MarketingCharts would seem to think so, according to this article:
Nearly two-thirds (65%) of CMOs and marketing execs say their ad
budgets will decrease because of the troubled economy, but more of
their money will go toward digital/interactive marketing than before, according to a new survey from Epsilon.
Roughly the same percentage (63%) of the 175 CMOs and marketing execs
surveyed report that their spending on interactive/digital marketing
has risen, while 59% report a decrease in traditional marketing spend.

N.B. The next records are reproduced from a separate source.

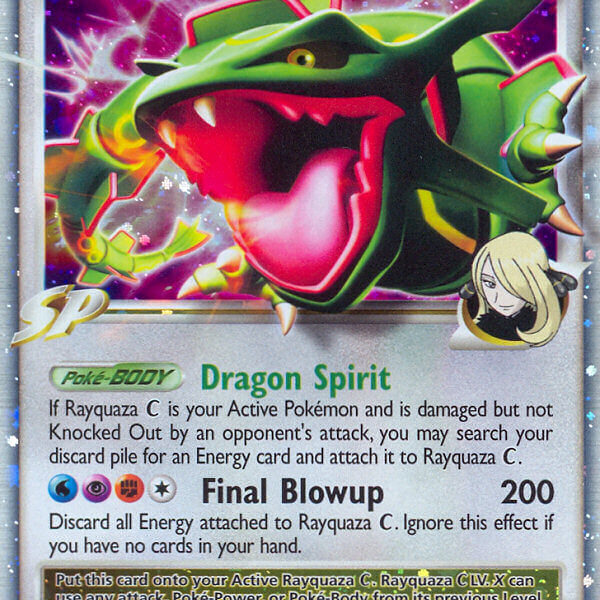 Rayquaza C LV.X Pokemon Kaart
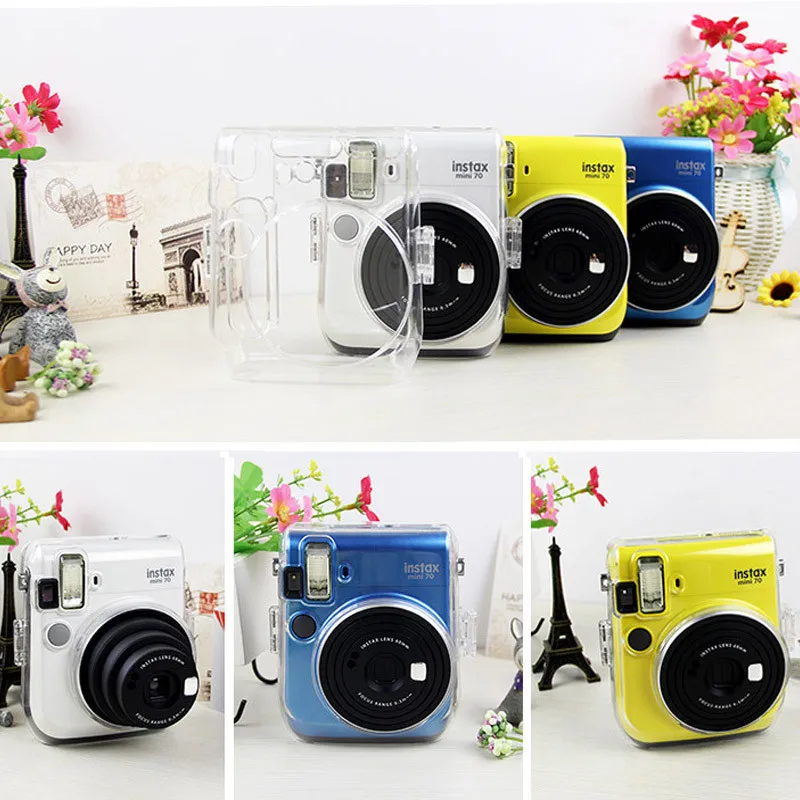 Прозрачный кристально прозрачный защитный жесткий чехол из ПВХ для Fujifilm Instax Mini 70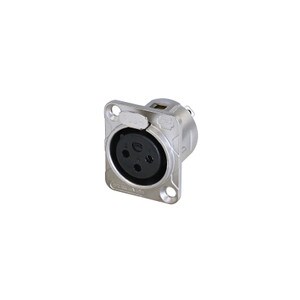 Rean RC3FDL 3 Pole XLR Female Chassis Connector Nickel/Tin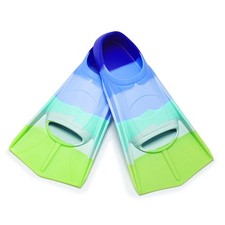 Prsca Kids Short Swim Fins, Lap Training Flippers for Pool Youth Beginners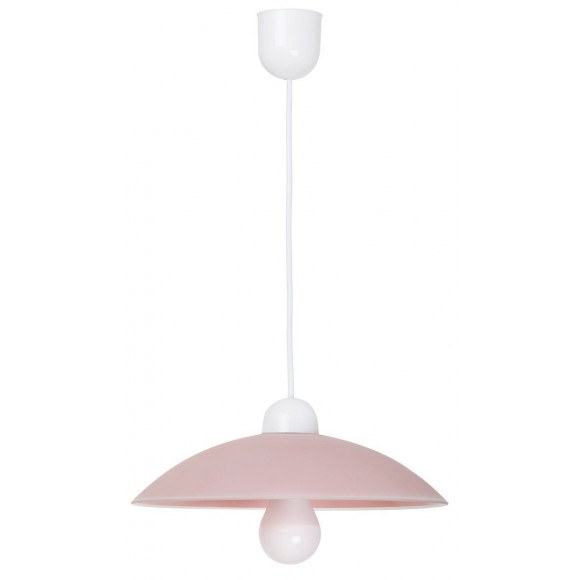 RABALUX 1409 Cupola függőlámpa rózsaszín D32
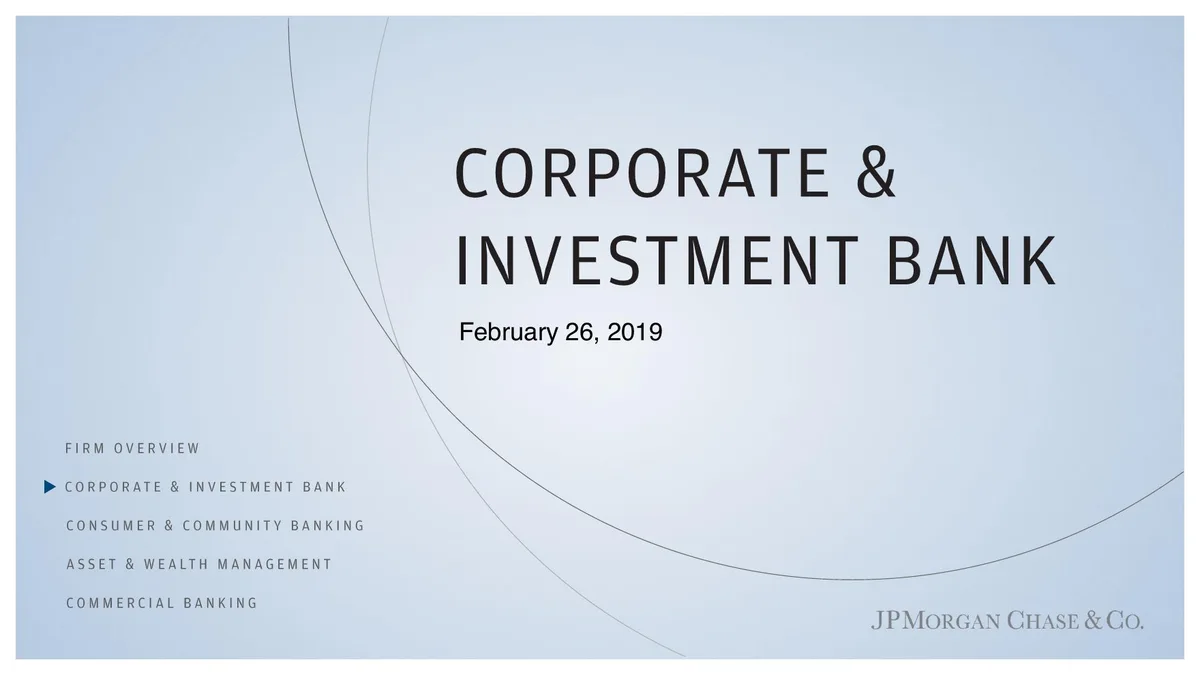 2019 cib investor day ba56d0e8 · slide 1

The study also finds that though CMOs are facing tough challenges in
the current economic climate, 94% of those surveyed agreed with the
statement, “A tough economic period is precisely the time when
marketing plays a key role.”
Our take:
Statistically speaking, marketing is usually one of the first things to get cut as retailers and CPG manufacturers feel the heat from shareholders. However, traditionally these groups also tend to fare the best over the long-run, taking smaller percentage cuts than other areas quick to get reined in (including human resources, manufacturing and all sorts of middle-management). The reason is simple: marketing must ramp up before manufacturing can again, in order to build demand. Consequently, cuts to marketing are typically earlier but smaller. Bumps to marketing also happen more quickly, and sooner than to other areas of business development. Given the trend towards accountable marketing, we predict that above-the-line marketing programs, particularly for TV, will get cut most deeply during this down cycle. The winners will be Internet and shopper marketing programs, which are less expensive to run, more accountable, and, according to many, more productive.